Will you output the entries below exactly, skipping every image they contain?

DATA SHOWN START

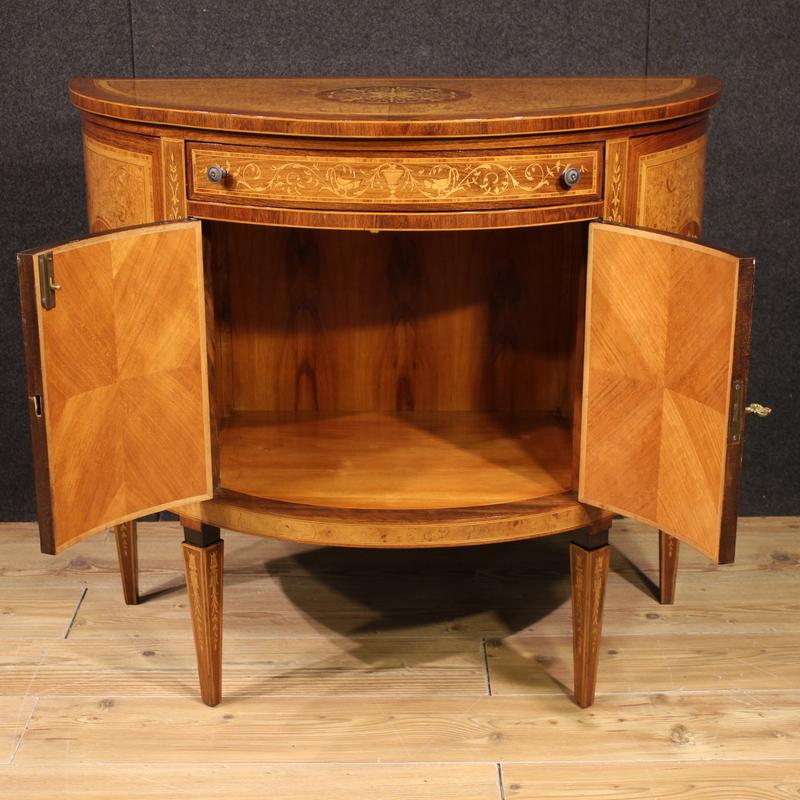 20th Century Inlaid Wood Louis XVI Style Italian Half Moon Sideboard, 1970s For Sale 6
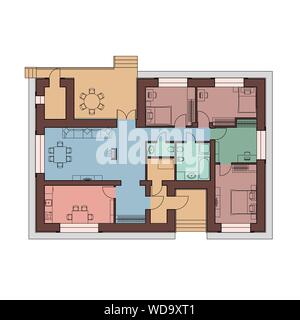 Architectural plan of a house. Top view with furniture. Cottage rooms are painted differently. Vector illustration. EPS10 Stock Vector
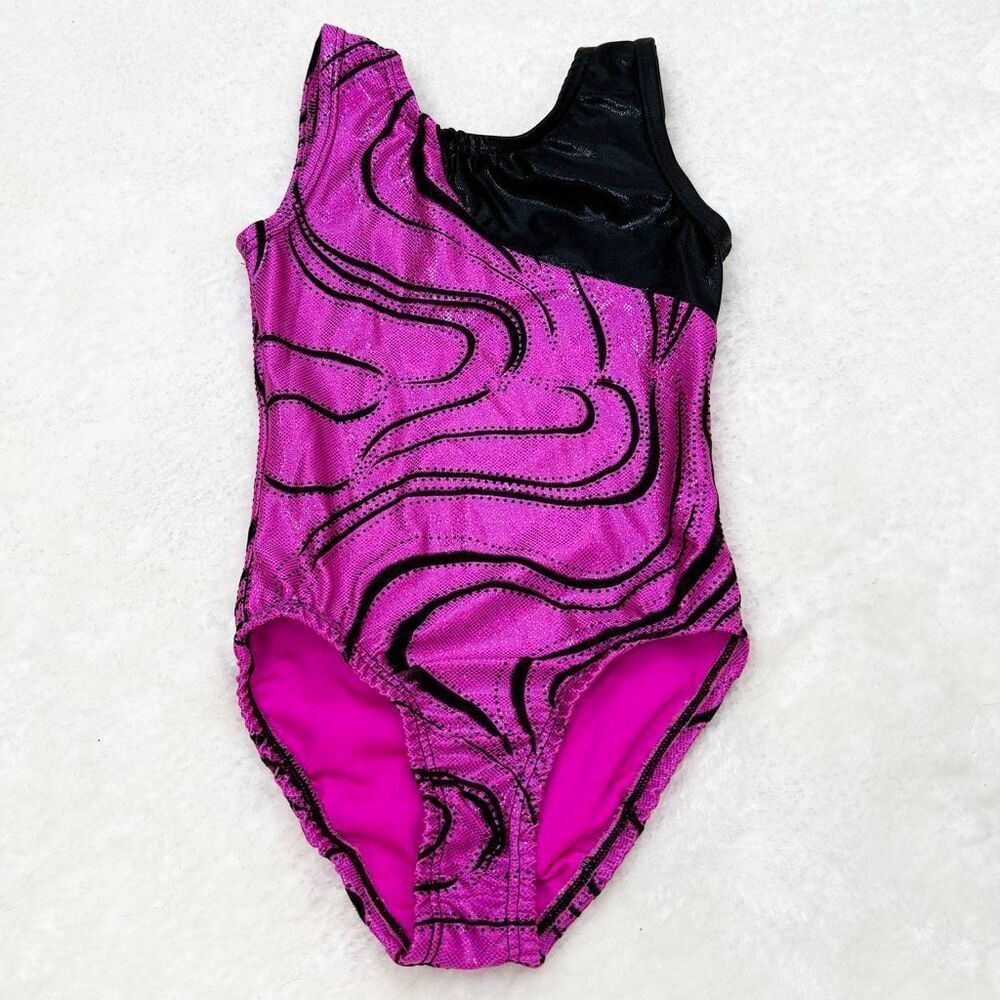 Garland Activewear Fuschia Black Little Kids Leotard - CM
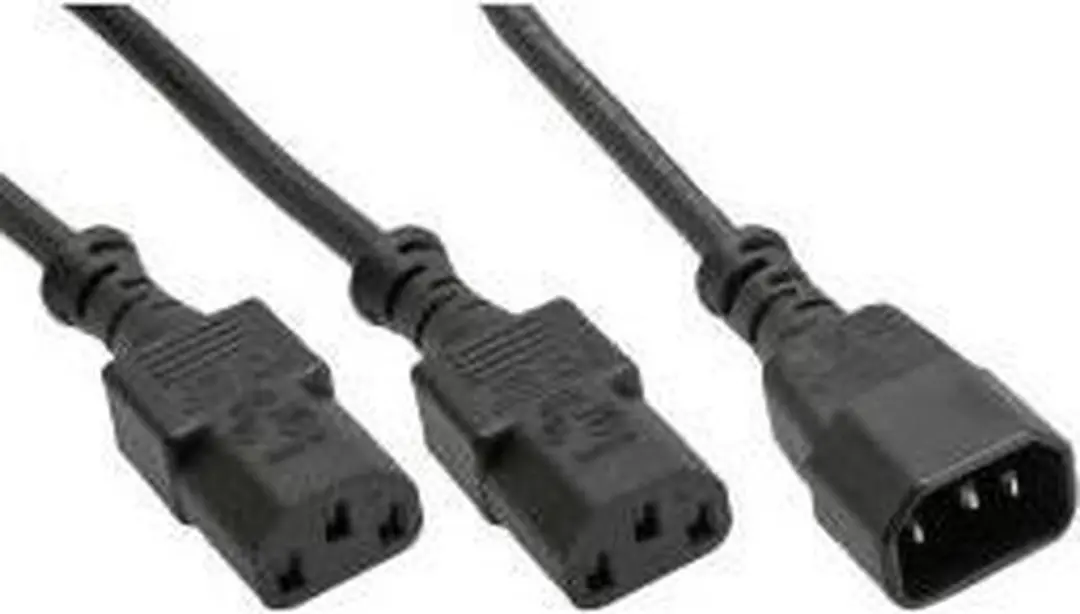 InLine C13-C14 Y-stroomkabel 3m - 2x1,50m + 2x1,00mm Zwart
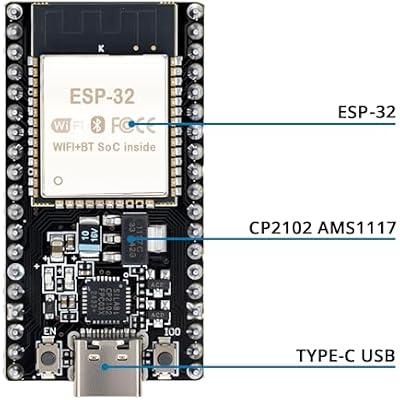 6 Packs ESP32-DevKitC-32 Development Board modules(ESP-32D,ESP-32 CP2012 USB C with 38 pins),Supporting STA/AP/STA+AP,with WiFi+Bluetooth Dual-core and Type-C Interface.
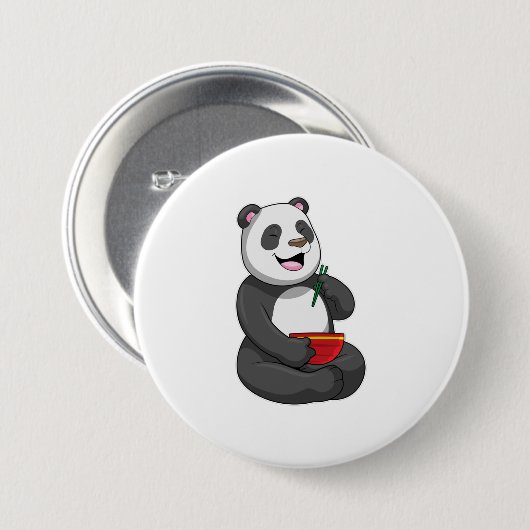 Badge Rond 7,6 Cm Panda avec Bowl Ramen (Devant & derrière)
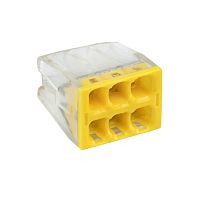 Клемма СМК 2273-246 (с пастой) 6 отверстий 0,5-2.5мм2 (50шт.) | код. plc-smk-2273-246 | EKF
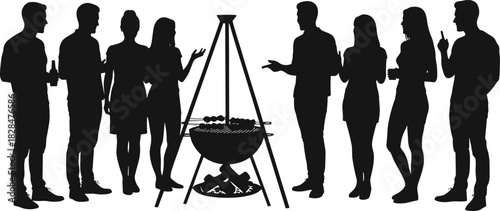 Tripod grill gathering silhouette—black vector of eight people socializing around suspended barbecue fire pit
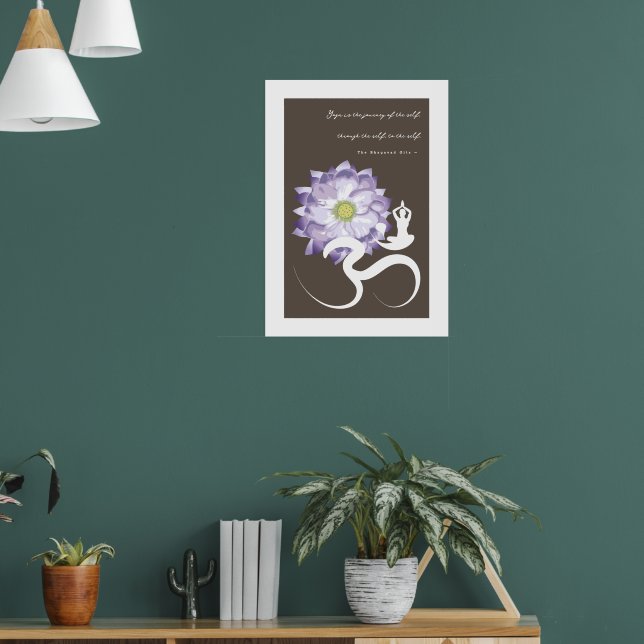 Póster Poster de símbolo de Om blanco de flores de yoga y (Salón 1)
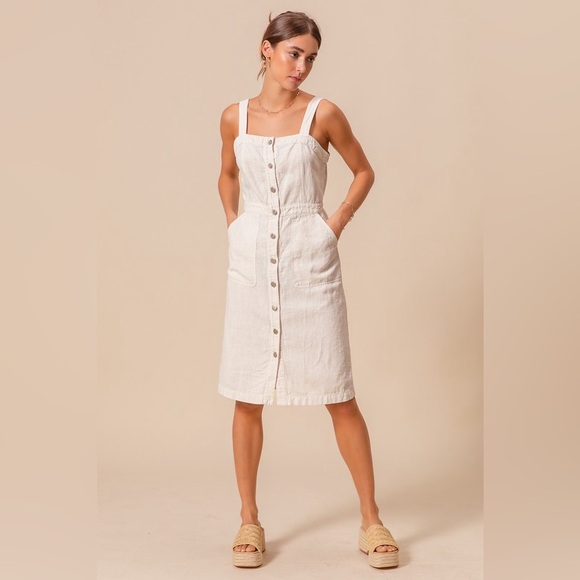 So Me Dresses & Skirts - SO ME Button Down Pocket Front Pinafore Dress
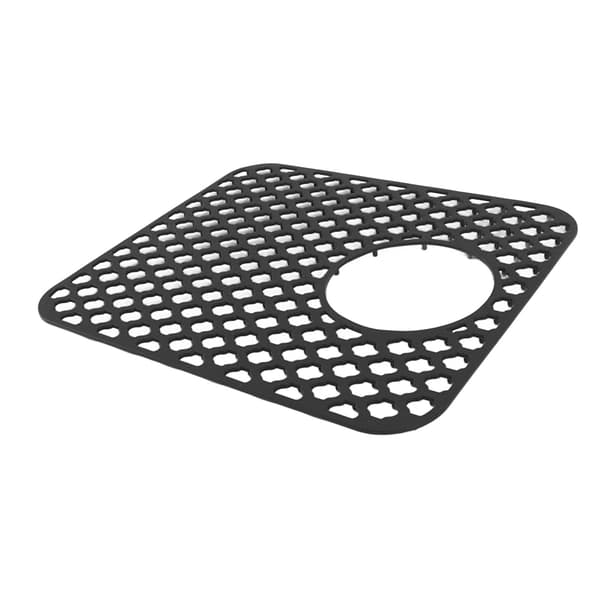 Silicone Sink Mat Protector with Side Drain Hole Non-Slip Scratch Protection Easy Maintenance Sink for Kitchen Home Black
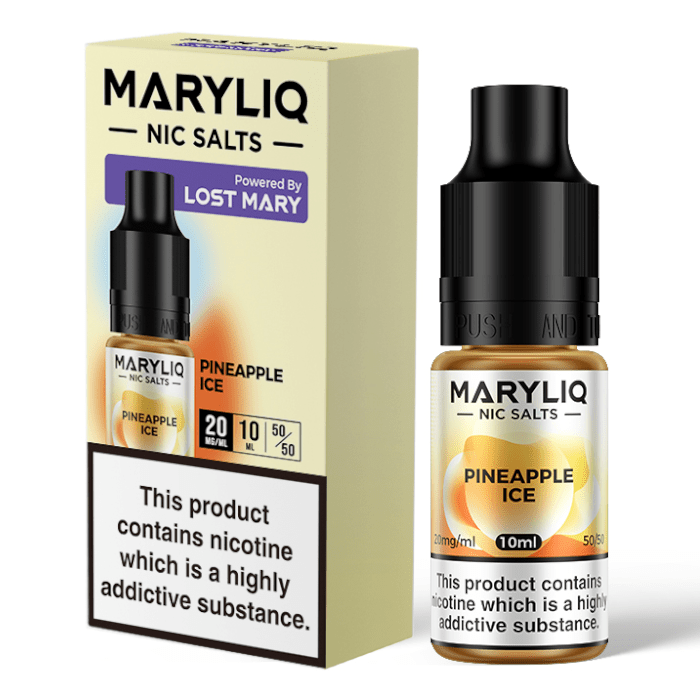 MARYLIQ Pineapple Ice Nic Salts by Lost Mary | Blighty Vapes Online Vape Store is the UK's favourite online e-liquid shop. Order e-liquids online. CHEAPER E-LIQUIDS & FREE DELIVERY!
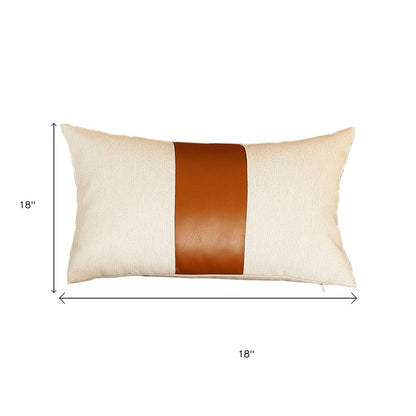 Set Of Two 18" X 18" Brown and Ivory Faux Leather Zippered Pillow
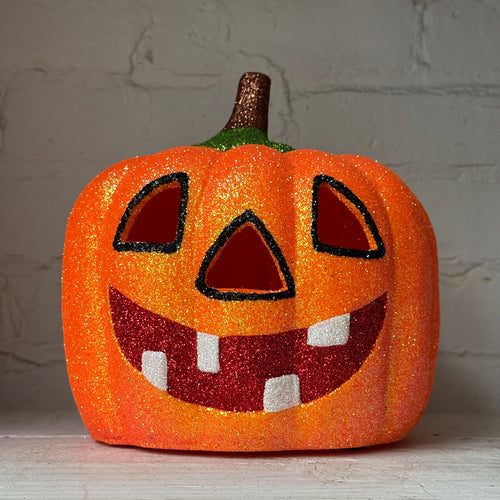 Ino Schaller Glitter Jack-O'-Lantern Pumpkin in Orange with Red Mouth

DATA SHOWN END

▶ **SOLUTION FOR THIS PROBLEM**
 20th Century Inlaid Wood Louis XVI Style Italian Half Moon Sideboard, 1970s For Sale 6
 Architectural plan of a house. Top view with furniture. Cottage rooms are painted differently. Vector illustration. EPS10 Stock Vector
 Garland Activewear Fuschia Black Little Kids Leotard - CM
 InLine C13-C14 Y-stroomkabel 3m - 2x1,50m + 2x1,00mm Zwart
 6 Packs ESP32-DevKitC-32 Development Board modules(ESP-32D,ESP-32 CP2012 USB C with 38 pins),Supporting STA/AP/STA+AP,with WiFi+Bluetooth Dual-core and Type-C Interface.
 Badge Rond 7,6 Cm Panda avec Bowl Ramen (Devant & derrière)
 Клемма СМК 2273-246 (с пастой) 6 отверстий 0,5-2.5мм2 (50шт.) | код. plc-smk-2273-246 | EKF
 Tripod grill gathering silhouette—black vector of eight people socializing around suspended barbecue fire pit
 Póster Poster de símbolo de Om blanco de flores de yoga y (Salón 1)
 So Me Dresses & Skirts - SO ME Button Down Pocket Front Pinafore Dress
 Silicone Sink Mat Protector with Side Drain Hole Non-Slip Scratch Protection Easy Maintenance Sink for Kitchen Home Black
 MARYLIQ Pineapple Ice Nic Salts by Lost Mary | Blighty Vapes Online Vape Store is the UK's favourite online e-liquid shop. Order e-liquids online. CHEAPER E-LIQUIDS & FREE DELIVERY!
 Set Of Two 18" X 18" Brown and Ivory Faux Leather Zippered Pillow
 Ino Schaller Glitter Jack-O'-Lantern Pumpkin in Orange with Red Mouth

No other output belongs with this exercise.